The Discovery of Piranesi's Final Project
Stephen Lauf

12 August 1778
Francesco pretty much remembers all of his father's instructions as he gives the Palace of the Caesars site a careful going over to establish his bearings and soon begin work.

12 August 1977
We got a late start because everyone over slept and Mohammed took a late shower. Finally got to the Termini shortly before 12:00. The rest took a later bus and arrived a half hour later. Walked over to a market to pack a lunch; prices seemed ok. There was such a hassle in the store because no one knew what they were supposed to order. Mindy and Marcy got lost on the way because they got entranced looking in a shoe store.
P. and I shared lunch. We ate in the Colosseum (got there by subway). It's a great place for a picnic. Full of Kahn and Moore references, otherwise just as expected, except didn't expect lots of Japanese tourists.

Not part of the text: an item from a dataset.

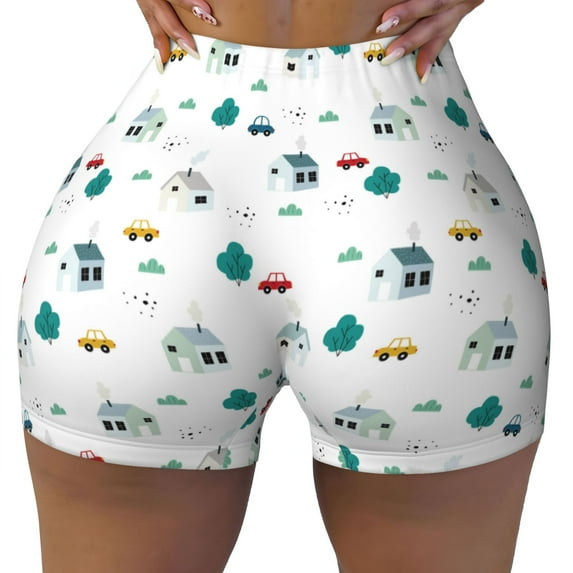Naloa Cartoon House Car Biker Shorts for Women Seamless Scrunch Short Women’s Yoga Shorts for Gym Running Sport Shorts - X-Large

Tried my first sketch and found I can't do it for shit. This is going to be one hell of an architecture tour. J.P. can sketch great and it makes me sick. He does it so easily and finishes in no time. The Forum is where I really found out I couldn't sketch. Everything I draw looks so fucking shitty. I'll never get through the requirements, and I hate to think that people are going to ask to see the sketches back home. It will be very embarrassing. We ended our tour on the Palatine Hill in the Palace of the Caesars. The masonry structure was incredible. I want to go back alone and study it more.
J.P. and I started to get into all the structure. I was surprised to see how much he really didn't know. I made a couple of references to Kahn and I think he was offended. It's obvious Kahn took a great deal from the architecture of ancient Rome. [Kahn's work in] India doesn't seem all that great anymore; the ruins are better.
Had a great time at night. We [all] first walked to the Spanish Steps and climbed half way up. Then went restaurant hunting; went to a pizzeria down a side street. Some Texans at another table paid for our wine, and the waiter gave us two bottles of wine for free. We didn't leave the place till after twelve.
We walked back to the Spanish Steps where some probably drunk Italian Stallions were kicking empty soda cans down the steps. Went to find what Jean hid for me [a couple weeks earlier] at Quatro Fontane. I'll tell you, she is no big spender--about 11 cents in foreign currency is all she left along with a note. But the search was worth it. Came back to the Spanish Steps and met up with the rest of the crew. Also kicked cans since it was the new thing to do.
Got home at 1:30 and tired as hell but didn't fall asleep till 3:30.

12 August 1997
Redrawing History: Virtually Carved in Stone
Part I: "Redrawing History"
        a. my own incentive for doing the project
        b. my activity as a reenactment of a specific historical event; perhaps only true way to learn from history (Collingwood)
        c. Piranesi's own reenactment (redrawing) of Roman "architectural" history
        d. the question of archeological accuracy
        e. Roman architecture as fertile architecture
        f. Piranesi's Campo Marzio as fertilized architecture
        g. Piranesi's imagination: fertilization, assimilation, metabolism
        h. the Campo Marzio and virtuality
        i. the Campo Marzio today
Part II: "The Ichnographia: Axes, Assemblage, Meaning"
        a. the Field of Mars, so where is Mars?
        b. the Triumphal Way
        c. the axes of life and death
        d. the axes of love and war
        e. "downtown" vs. "suburbia"
        f. pomp and circumstance
Part III: " Typologies of the Campo Marzio"
Part IV: "Glossary of the Campo Marzio"
Part V: "Selected Texts"

12 August 2022
At night I remembered that the Staatliche Kunstsammlungen Dresden has within its holdings a set of first state 'Ichnographia Campus Martius' prints that are still single untrimmed, unbound sheets. This seems to be a relatively rare set of Il Campo Marzio dell'Antica Roma documents in that the prints were never further processed for publication after being printed. There is no way of discerning when exactly these plans were printed except they obviously could not have been printed before 1762 nor after the summer of 1778 when the copper plates were significantly altered.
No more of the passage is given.